В какую б дудку ты ни дул,
Будь ты монах или игрок,
Что банк сорвал и улизнул,
Иль молодец с больших дорог,
Писец, взимающий налог,
Иль лжесвидетель лицемерный, —
Где все, что накопить ты смог?
Все, все у девок и в тавернах![73]
За словесной сарабандой, позволившей Вийону выстроить цепочку ярких, но, в общем-то, лишенных глубины образов, за беспорядочным нагнетанием ассонансов и аллитераций скрывается не только поэтическая игра, но и целый мир таверны.
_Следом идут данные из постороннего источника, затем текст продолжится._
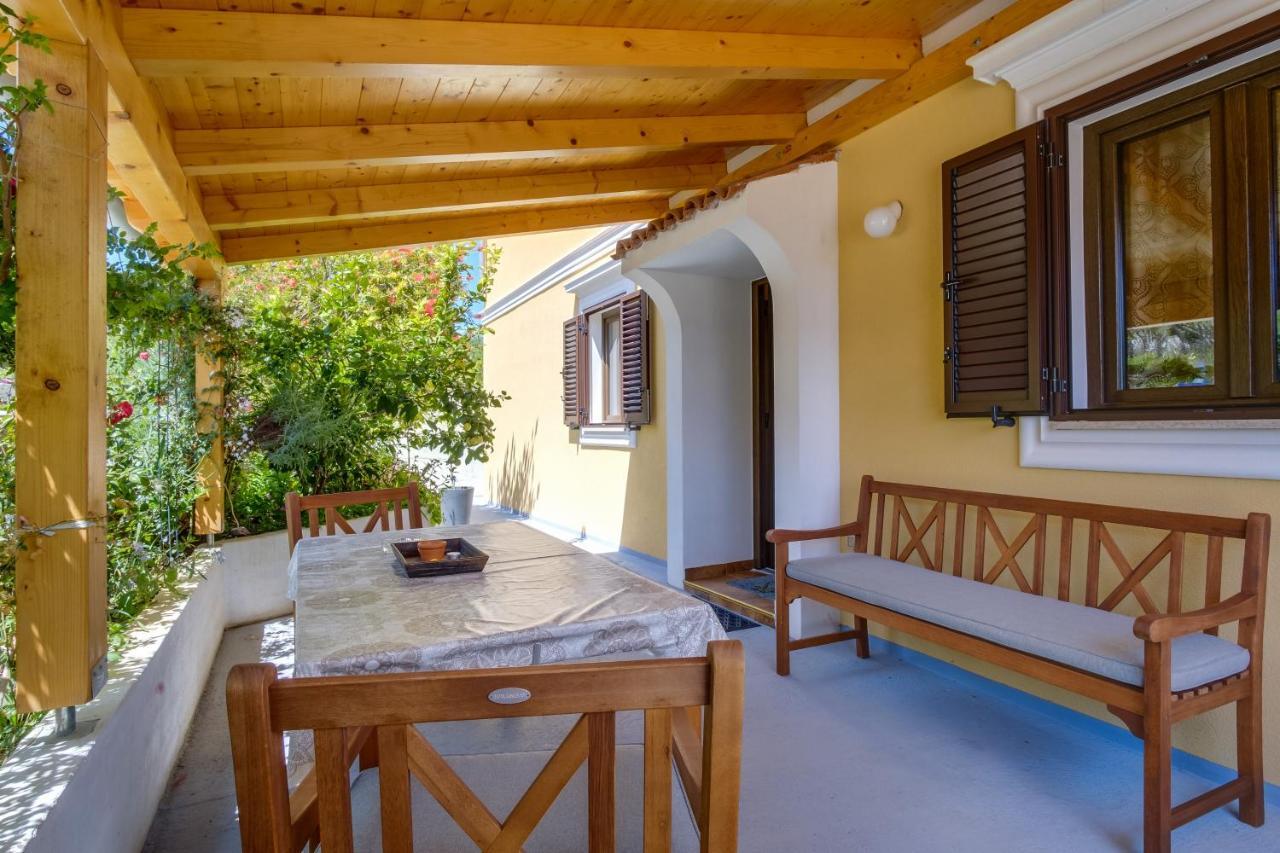 Abba Apartments Мали-Лошинь Экстерьер фото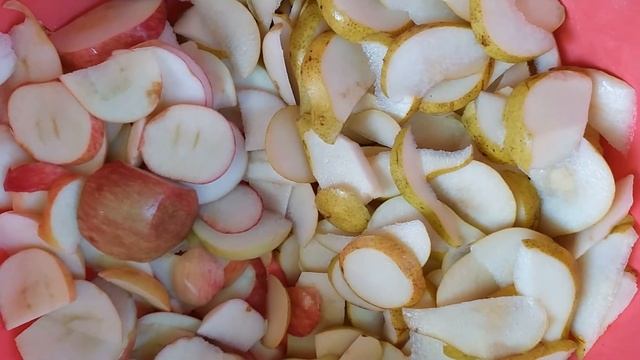 как сохранить груши и яблоки зимой. заморозка: груши. смотреть онлайн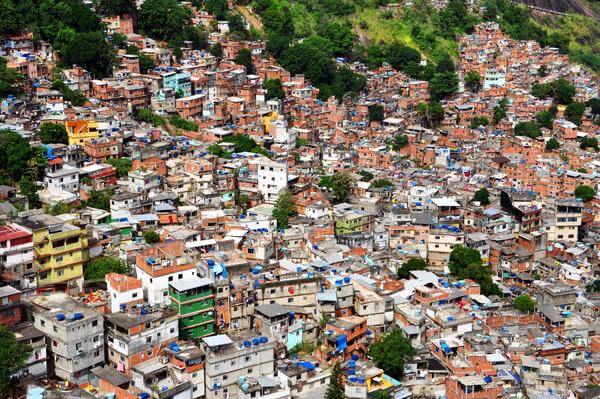 Sonhar com favela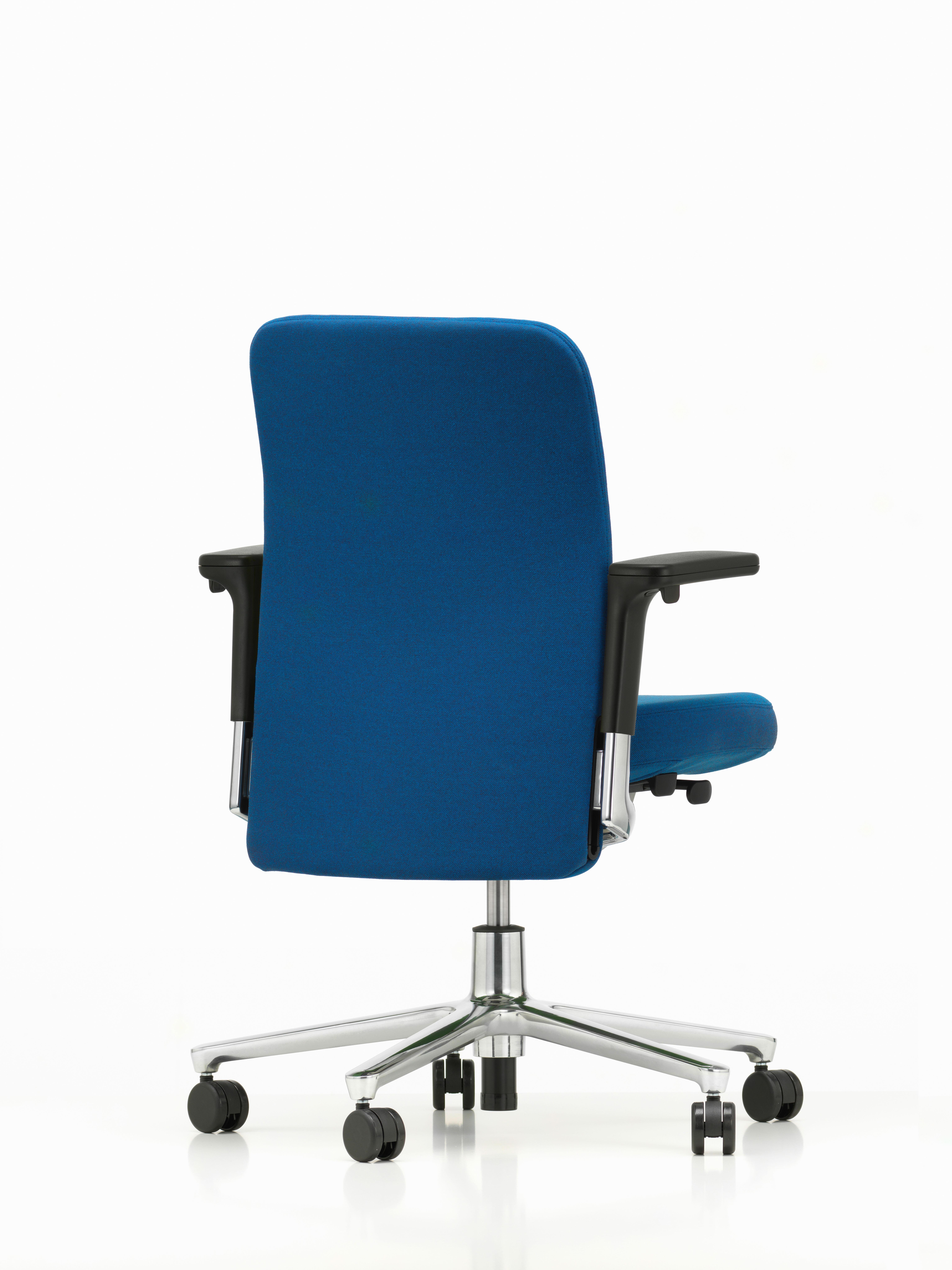 When equipped with a low backrest and adjustable neck cushion, the Pacific chair offers additional support in the upper spine. Its understated design has a distinguished aura and is therefore perfectly adapted to office environments with a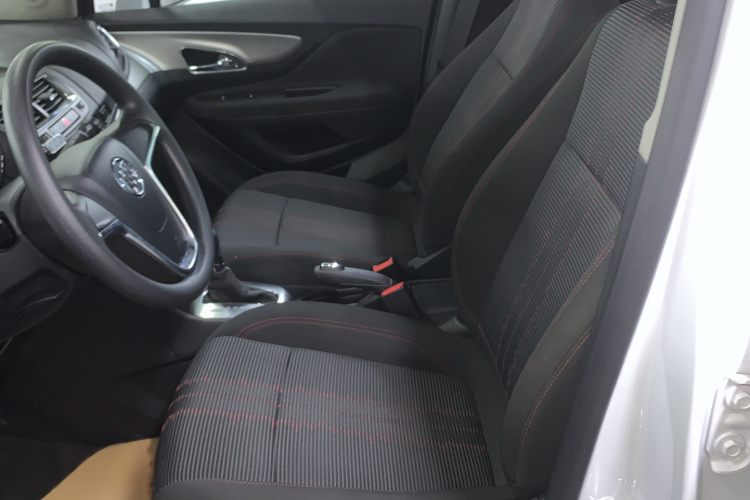 别克 昂科拉 2015款 1.4T 自动两驱都市精英型局部细节19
Пой, игрищ раздувай разгул,
В литавры бей, труби в рожок,
Чтоб развеселых фарсов гул
Встряхнул уснувший городок
И каждый деньги приволок!
С колодой карт крапленых, верных
Всех обери! Но где же прок?
Все, все у девок и в тавернах![74]
Вийону прекрасно было известно непреложное правило: выигранные деньги иссякали, в ход снова шла аспидная долговая доска кабатчика, и в конечном счете пьяница оставлял в залог последние пожитки.
Все, от плаща и до сапог.
Пока не стало дело скверно,
Скорее сам неси в залог!
Все, все у девок и в тавернах[75].
«Пропащие ребята», как их называл Клеман Маро, — это и те, кто продает фальшивые индульгенции, и те, кто добавляет свинца в игральные кости либо подпиливает их, и те, кто, рискуя быть заживо сожженным, делает фальшивые деньги; это и карманные воры, и грабители. Вийон хорошо знал весь этот мир. И в своих стихах он показал, как от случая к случаю эти невинные шалости ведут к профессиональному разбою.
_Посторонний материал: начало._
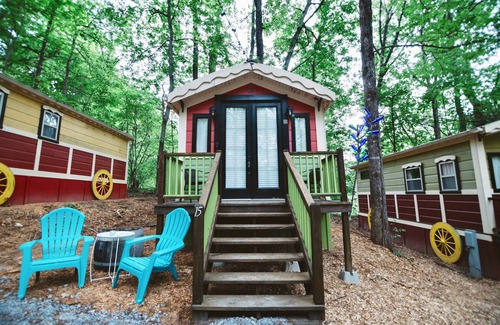 Sevierville House | #15 Queenie - Gypsy Cottage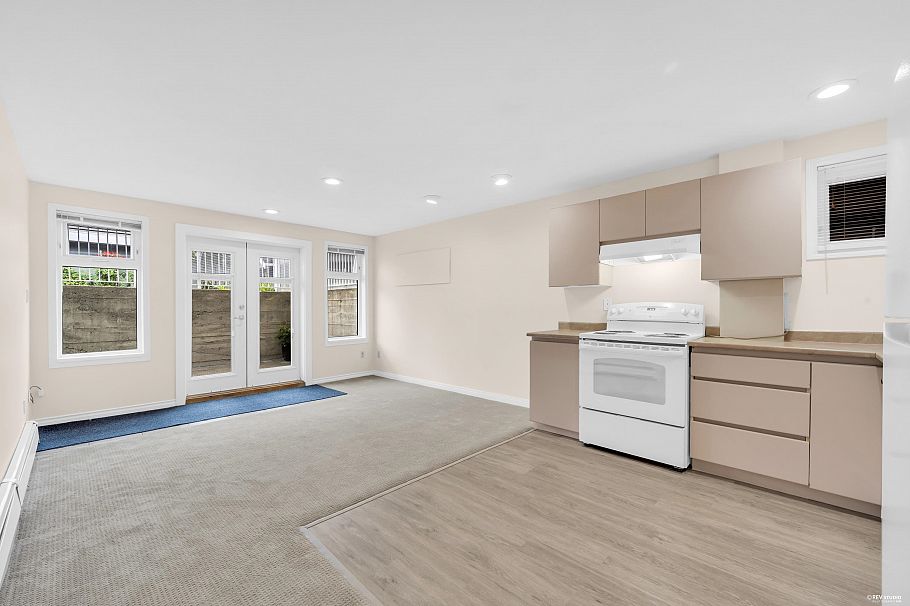 2381 E 40th Avenue Vancouver, BC - 29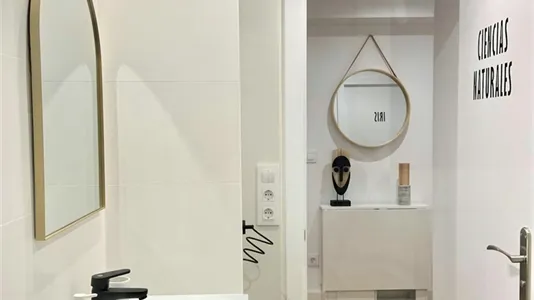 Rooms in Zaragoza - photo 4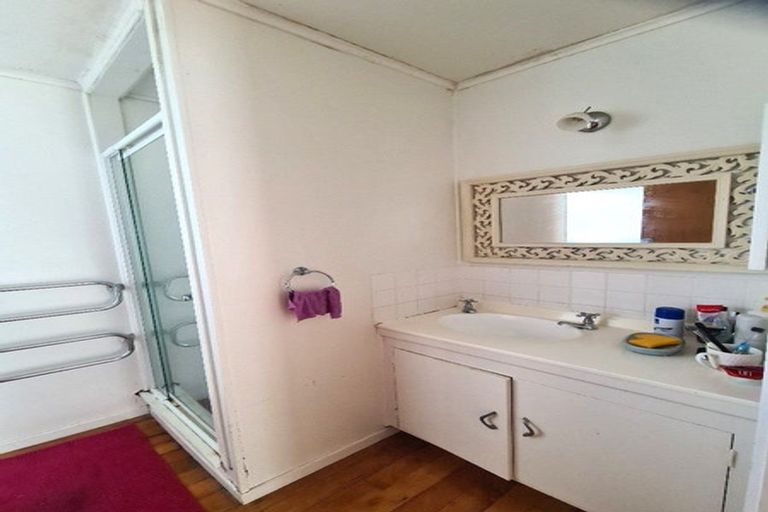 Photo of property in 44 Waipa Street, Birkenhead, Auckland, 0626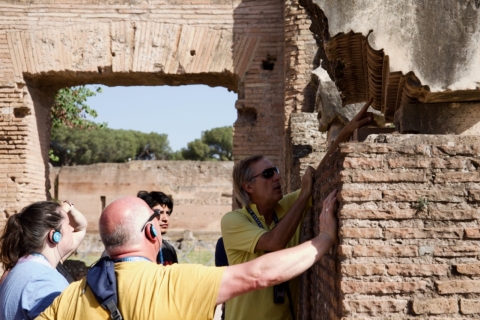 Roma: tour en grupo pequeño del Coliseo y la antigua Roma en ruso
«Пропащие ребята» забавлялись либо забавляли других. Для игры годилось все: и кости для брелана, и карты, и кегли. Точно так же все годилось для того, чтобы производить шум: и цимбалы, и лютня. Зачем лишать себя удовольствия? Так уж устроен человек. Такой вот морали придерживался Вийон. Надо стараться извлекать свою выгоду, причем если нужно, то опережая других: оставить все у девок и в тавернах — не самое страшное зло. Грубоватый цинизм бедного школяра происходил скорее не из жизнерадостности, а из скептицизма. В обманном мире таверна не самое страшное.
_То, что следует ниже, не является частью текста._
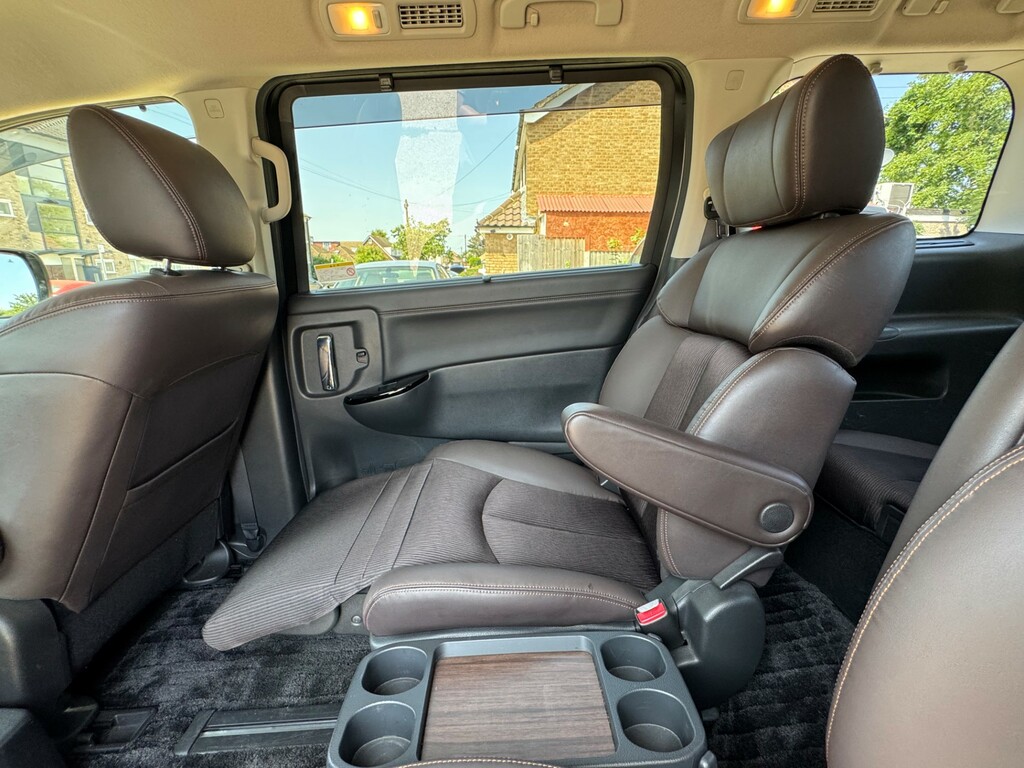 Nissan Elgrand 2.4 2.5 Black #23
Глава IXПОКА В ЧЕСТИ — ЗВУЧИТ ХВАЛА…
Накануне состоялось празднование дня Тела Господня. В том годовом цикле праздников, среди которых одни имели истоки в античности у язычников, другие — таковых было большинство, — отмечались ежегодно уже около тысячи лет, праздник Тела Господня был явным новшеством. Идея отмечать каждый год в один и тот же день Corpus Domini, то есть праздник Тела Господа, другими словами Евхаристии, никак не вписывалась в литургическую систему, при которой Евхаристия является прежде всего мессой. Культ Святых Даров, будучи оторванным от своей первоначальной функции жертвоприношения во время мессы, выглядел всего лишь как продолжение литургической Евхаристии. Однако этот праздник говорил сердцу верующего гораздо больше, чем труднодоступный язык требника.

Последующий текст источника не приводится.